I wrote a simple program to perform reduction on the GPU. I was very supersize to see that my implementation is about 4.5 - 15 times slower than intrinsic sum (see comparison). I did not expect to get maximum throughput but this poor performance I cannot explain. I’ve tried to use every trick in the book (that I know of) to make it as fast as possible. There is nothing obvious bottle-necking my kernel (or is it?).
It looks to me like either I’m doing something extremely inefficient or sum does something really, really clever. Any thoughts? Enclosed is my subroutine. Compilation details:
version: 17.4-0 64-bit
options: -fast -Mcuda=cuda8.0,cc3+
Thank you
Bart
! Kernel: reduction of X (stored either in X or S)

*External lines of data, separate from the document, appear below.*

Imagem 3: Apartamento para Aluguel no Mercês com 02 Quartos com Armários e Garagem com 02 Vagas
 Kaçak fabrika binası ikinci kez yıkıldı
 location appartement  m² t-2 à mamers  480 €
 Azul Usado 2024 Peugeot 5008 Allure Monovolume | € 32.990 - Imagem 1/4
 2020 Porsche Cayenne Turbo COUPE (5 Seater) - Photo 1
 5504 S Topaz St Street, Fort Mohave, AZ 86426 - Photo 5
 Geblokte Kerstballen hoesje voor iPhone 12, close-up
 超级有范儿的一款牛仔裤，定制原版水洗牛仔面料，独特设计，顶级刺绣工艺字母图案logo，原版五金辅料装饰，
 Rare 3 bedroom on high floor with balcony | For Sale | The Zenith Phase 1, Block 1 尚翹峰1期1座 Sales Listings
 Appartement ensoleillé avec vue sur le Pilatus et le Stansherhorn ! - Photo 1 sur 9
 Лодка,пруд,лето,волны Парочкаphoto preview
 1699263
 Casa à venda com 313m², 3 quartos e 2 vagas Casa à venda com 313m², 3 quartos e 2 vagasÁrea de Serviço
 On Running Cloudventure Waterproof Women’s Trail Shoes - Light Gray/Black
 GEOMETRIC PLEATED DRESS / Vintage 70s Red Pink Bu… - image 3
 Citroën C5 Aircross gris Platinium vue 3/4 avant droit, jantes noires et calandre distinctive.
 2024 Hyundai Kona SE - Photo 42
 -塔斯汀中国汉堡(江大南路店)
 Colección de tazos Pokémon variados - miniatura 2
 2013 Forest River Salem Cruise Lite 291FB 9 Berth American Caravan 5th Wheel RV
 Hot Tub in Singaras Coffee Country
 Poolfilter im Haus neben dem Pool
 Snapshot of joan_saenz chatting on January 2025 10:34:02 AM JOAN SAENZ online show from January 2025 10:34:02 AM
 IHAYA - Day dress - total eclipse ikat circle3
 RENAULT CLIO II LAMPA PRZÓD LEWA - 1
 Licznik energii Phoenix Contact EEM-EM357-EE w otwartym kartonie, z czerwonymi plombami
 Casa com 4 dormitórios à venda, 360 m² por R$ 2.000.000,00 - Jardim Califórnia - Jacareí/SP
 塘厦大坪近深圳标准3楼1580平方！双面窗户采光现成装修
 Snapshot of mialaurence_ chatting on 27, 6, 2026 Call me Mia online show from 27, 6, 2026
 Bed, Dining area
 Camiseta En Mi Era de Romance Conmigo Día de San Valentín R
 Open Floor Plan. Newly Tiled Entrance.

attributes(global) subroutine reduced(X,S)
integer :: i, idx, tx
real(wp), shared :: cache(256)
real(wp), intent(inout), device :: X(:)
real(wp), optional, intent(inout), device :: S(:)
!
idx = threadIdx%x + blockDim%x * (blockIdx%x-1)
tx = threadIdx%x
!
! load from global to shared memory
cache(tx) = 0.0_wp
if (idx<=size(X)) cache(tx) = X(idx)
call syncthreads()
!
if (tx<=128) cache(tx) = cache(tx) + cache(tx+128)
call syncthreads()
if (tx<=64) cache(tx) = cache(tx) + cache(tx+64)
call syncthreads()
!
if (tx<=32) then
cache(tx) = cache(tx) + cache(tx+32)
cache(tx) = cache(tx) + __shfl_down(cache(tx),16)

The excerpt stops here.